Today he says: “We closed our record department about 28 years ago. WH Smith killed it for us, offering £1 off the Top 50 albums. It took all the profit out of it for us.
“We had three people run the record department so we couldn’t afford to run the department after that.”
Jeff adds: “I still miss the record department. It’s a great shame. I loved playing them.”
- REFLECTING on his Kempsters paper bag Pete Cousins, 65, whose bands have included Tomorrow’s Children, Teenage Polecats, Stadium Dogs and various Teddy White incarnations, says: “If I’d kept every one of these bags I’d have to build a new shed.
“I was nine or ten when I bought my first single from Kempsters. Over the years I must have bought about 80 per cent of my music from them.
“For many years, until being a mod started taking my money for an ever-changing wardrobe, every single penny of my pocket money, and later wages, went on records – so I must have had a fair old few bags.

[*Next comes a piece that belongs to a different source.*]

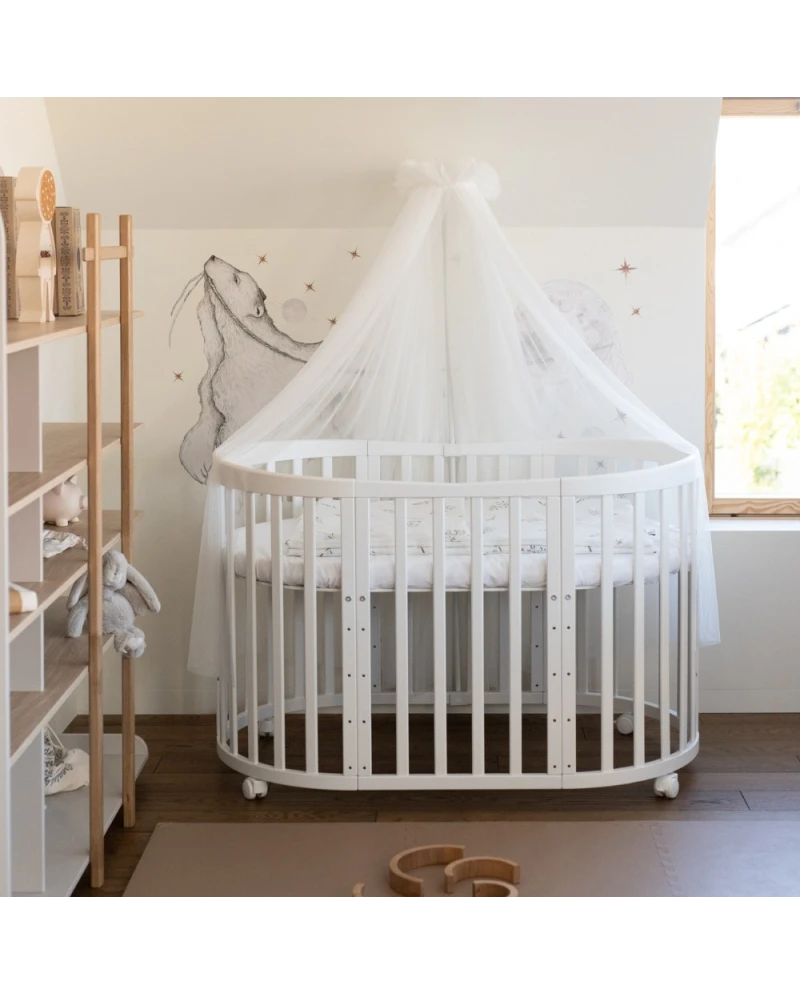 WALDIN - Culla EVOLUTIVA 7 in 1 con materassi - bianco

“There was a carousel on the counter at Kempsters which held 45rpm singles on various labels by various artists. The one thing they all seemed to have had in common was that they had black labels with silver grey writing.
“They were Buddy Holly on Coral, Eddie Cochran on London American… after buying a few I knew I could pick anything out of the carousel and buy it without listening.”
- GARY Williams, 59, worked at Kempsters for around five years in Seventies, while also dee-jaying at the Brunel Rooms and Vadims.
He says: “My first day job was in the Kempsters record department. Mum and dad were not too chuffed that I’d left school instead of going on to teacher training college. But they were somewhat mollified when Jeff promoted me to manager.
“It was perfect for me... record shop in the day and dee-jaying at night. Who needed sleep in those days?
“Most of the Swindon DJs came to us. Saturday was a big day because that was usually when we took delivery of northern soul imports which I had taken a punt on.
“I only ordered a few copies of each so – after me – it was first come, first served.”